Spring is supposedly here, although in NY/NJ it’s hard to tell with the 40 degree temperatures in the morning. Still, some of us have been out there, doing some planting and today I’m sharing some tips.
1. DO NOT LISTEN TO JOHN ELLIOTT ON CBS. I love you John, but you steered me wrong a few weeks ago when you said the plants would be fine outside. Sigh.
Okay, the real first tip is:
1. Don’t rush putting out the plants. Recommended planting date for the Northeast is Memorial Day. You could push it and do Mother’s Day if the weather has been warm for at least two weeks or so.
2. Clean out old leaves and other debris from your beds and pots.
3. Work the soil and loosen it up so you can get some nice aeration for those roots. Add compost or other organic matter and/or fertilizer to enrich the soil. I also work in some cinnamon into the top 2 to 3 layers to avoid fungus gnats. The cinnamon kills the fungus the gnats need to eat to survive. Organic, too!
4. If you’re a beginning gardener, make sure to check out the areas where you wish to plant. Does the area get full sun or is it in shade? Morning sun or afternoon? Once you’ve done that, it’s time to pick some plants.
5. There are lots of plants that can handle colder spring weather. Pansies for one and I love them! Also some other favorites like dianthus and petunias. You can click here for a good list of plants that can take a little cold. You can also plant bulbs the fall before for spring color and then work in annuals once the bulbs are done flowering.

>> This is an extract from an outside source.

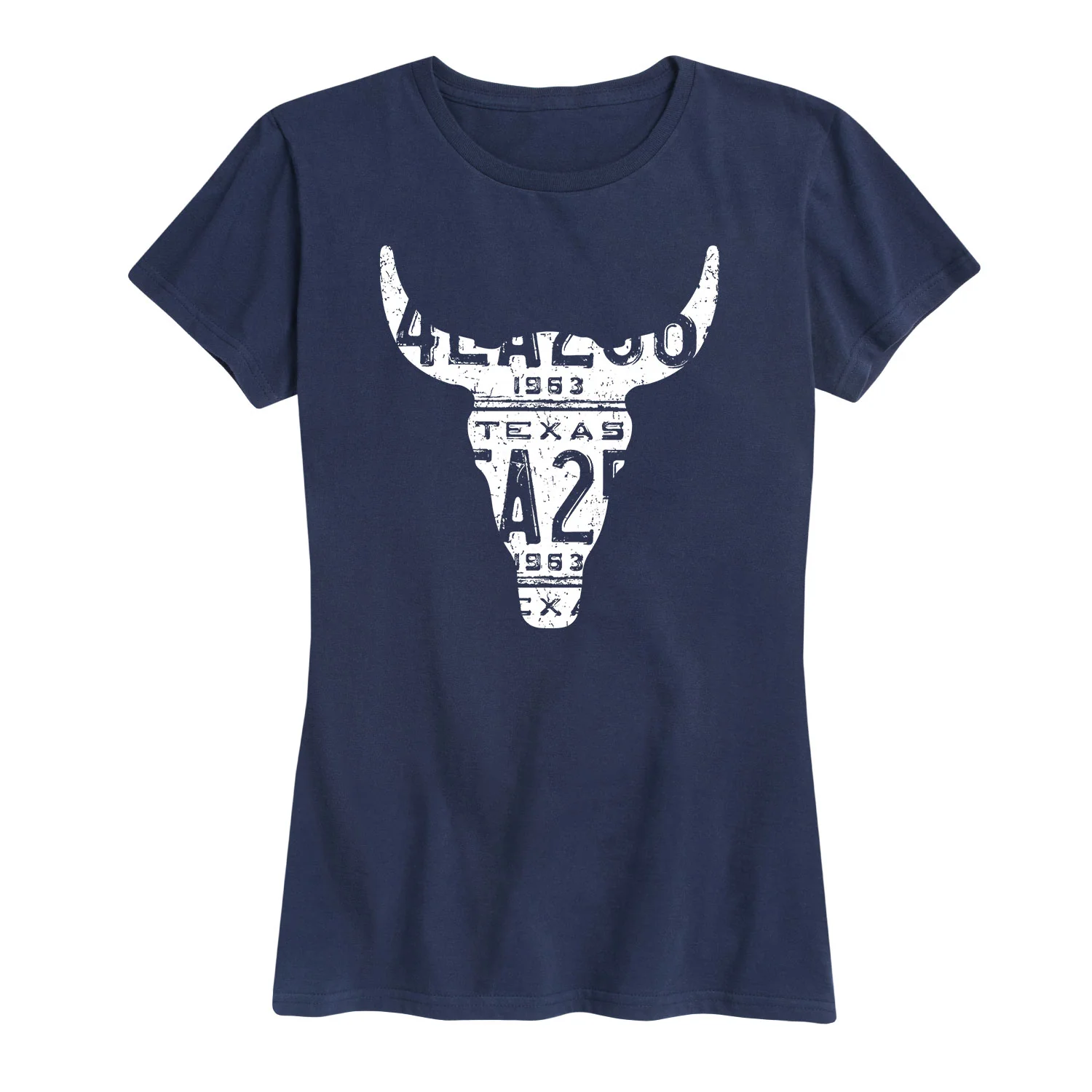 Country Casuals - Texas License Plate ST-Shirtr - Women's Short Sleeve Graphic T-Shirt - Image 2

6. Head to the garden shop and pick out the plants. Check their little tags for info on how high they’ll grow, how far apart and sun and water requirements.
7. Time to plant. To make life easier, lay out the pots in the way you want to plant them. It will let you adjust before getting things into the ground. Once you’re satisfied, it’s time to plant.
8. The best time to plant is early morning before the sun is too strong or later afternoon. Planting during the heat of the day will stress out your plants. Make sure the hole you dig is at least 4-6 inches depending on the size of your plant. Also, if there are too many roots around the base of the post, break them up so new roots will grow and spread out. Get rid of those jiffy pots around the plant and flatten them to use as mulch.
9. Water thoroughly so the roots can get established and after watering, mulch around the plants. Leave a little room around the plant free of mulch so it won’t rot and try to get at least 2 to 3 inches of mulch to prevent weeds.
10. Sit back and watch them grow and flower.
Here’s a photo of my daughter’s first garden. We planted it in early April when we had a fabulous spring day. It was fun explaining to her what to do and I gifted her an assortment of daylilies from my yard so she wouldn’t have to replant the entire bed every year.